Lambert bowed his head. “Regardless of the weather, she said she preferred to walk off her dinner. We have a full gymnasium designed to her specifications, and yet she insisted on obtaining her evening exercise in the park.”
“Anyone go with her?”
“Not that I know of.”
“Did she mention meeting anyone there? Another walker?”
Lambert began to pace the considerable length of the hearth. “To my knowledge, Janet did not have anyone she walked with at the park.”
“Who knew of Mrs. Lambert’s evening ritual?”
“I have no way of knowing who she may have mentioned that to. Certainly our staff knew.”
“We’ll need a list of your staff members’ names. I’ll also need a list of your friends and acquaintances, along with Mrs. Lambert’s. How long did Mrs. Lambert typically spend in the park?”
“I couldn’t say with any accuracy.”
“Why is that?”
“I’m often attending business meetings or functions in the evening. Oftentimes, they run quite late. Janet was always at home by the time I came in.”
“What time did you come in last night?” Sam asked.
“This morning, actually. Not long ago at all. Sometime after midnight. That’s when I discovered that Janet wasn’t at home. I called her cell phone, and it went straight to voicemail. I was about to wake the staff to ask if they knew Janet’s whereabouts, but before I could, I received a call from Police Chief Harmon.”
Lambert’s voice faded, and his Adam’s apple bobbed.

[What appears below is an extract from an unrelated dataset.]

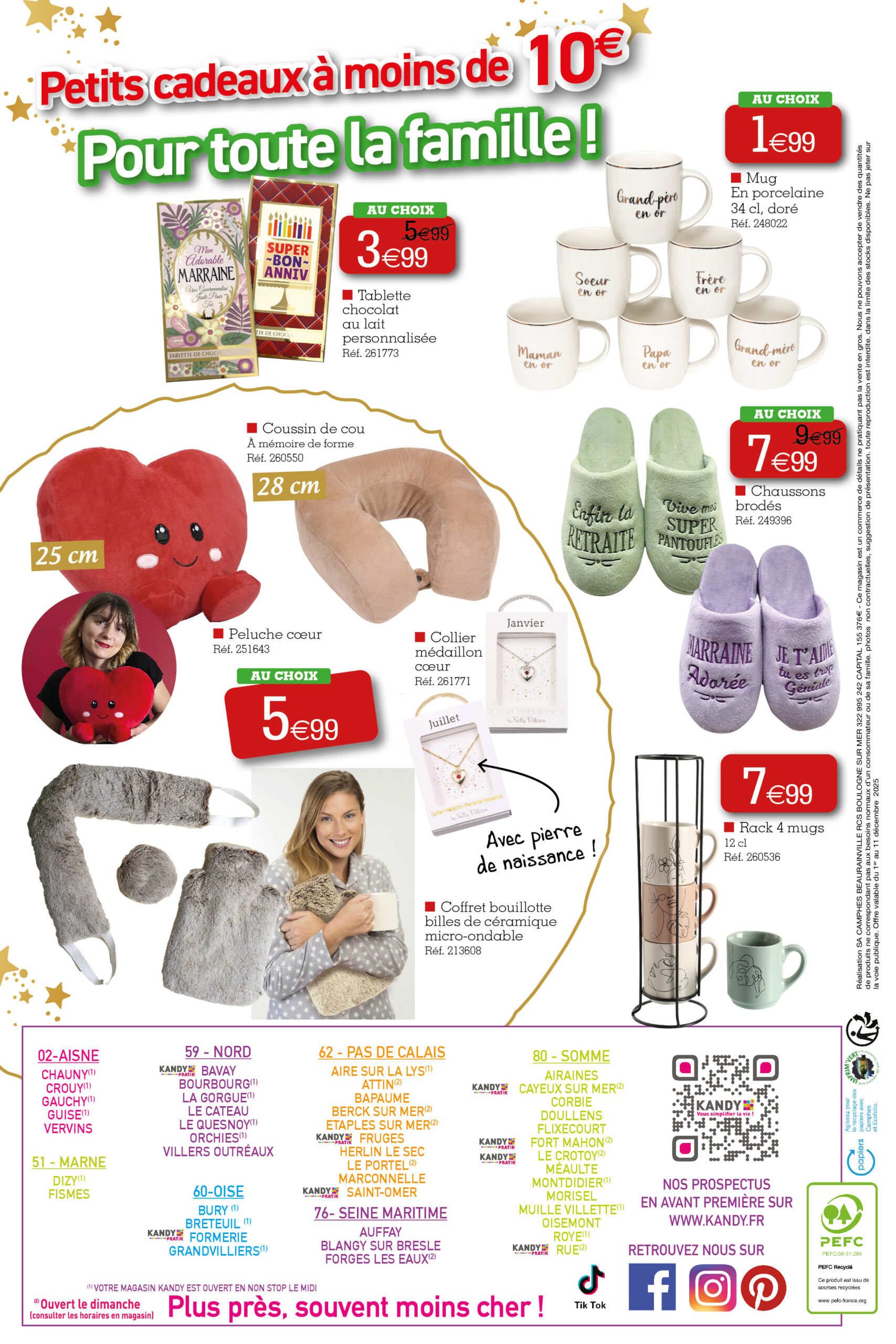 kandy - Catalogue Kandy valable du 01/12 au 11/12 - page: 16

Fulton gave Lambert a pat on the shoulder.
“Where was your meeting last night?” Sam asked.
Lambert rubbed his eyes. “My assistant can provide you with all the details.”

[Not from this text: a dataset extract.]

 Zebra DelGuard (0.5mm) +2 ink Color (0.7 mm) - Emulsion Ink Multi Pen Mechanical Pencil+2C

Sam saw there was nothing more Lambert could tell him at this time and took out a business card. “Mr. Lambert, call my office with that information and with the names of your staff, friends, and acquaintances. We’ll show ourselves out.”
Paige left the Lambert house and stepped onto the porch. Despite the warm night, she was shivering. Her mind was reeling. Unlike the postcards she’d received, the one found w
ith Janet Lambert’s body was not an image of the Adirondack Mountains but of South Carolina. Kirk County Park was busy on weekends, and not everyone who visited would be local. Some could be tourists or visitors from other counties, other states, maybe spending time with relatives from Kirk. Anyone visiting could have bought and then dropped a postcard. It was possible that it was then carried by the wind or pedestrian traffic to Lambert’s crime scene.

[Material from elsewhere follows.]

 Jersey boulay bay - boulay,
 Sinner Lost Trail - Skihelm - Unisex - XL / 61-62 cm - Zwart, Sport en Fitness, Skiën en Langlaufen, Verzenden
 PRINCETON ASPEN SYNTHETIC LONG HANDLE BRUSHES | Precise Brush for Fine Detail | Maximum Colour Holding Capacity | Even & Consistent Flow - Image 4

Paige knew all of that, yet her insides were screaming. A postcard. Coincidence? Or had Thames’s left another clue for law enforcement that could never be used against him? No, not law enforcement, Paige specifically, since she was the one he’d been sending postcards to. Had he wanted to be sure that Paige recognized he was responsible for Lambert’s death? Her mind buzzed with theories.
Inside the truck, Sam’s cell phone rang. He activated the truck’s speaker and took the call as he drove down the Lamberts’ driveway.
“McKade,” Sam said.
It was the deputy director. As Sam spoke with the director, Paige paid no attention to their conversation.
At the entrance to the estate, there were more camera crews than there had been when they’d arrived at the Lambert house. A few, maybe alerted now that she and Sam had been admitted into the house, ran toward Sam’s truck, but she and Sam were still cloaked in darkness, hidden from view, though not for much longer. It was almost dawn. Paige peered out at the predawn sky, terrified of what the new day would bring and her inability to stop whatever she feared was coming.
While she’d been lost in her thoughts, Sam had turned onto the road that took them to the office. Protesters were walking in a circle beneath the streetlights across from the Bureau building. One person stood apart from the gathering, filming the others. Paige went still, remembering how the activist, Dr. Prudence, had called on people to protest the injustice the FBI perpetrated on Thames. Paige could hear them through the closed window, above the hum of the air-conditioning.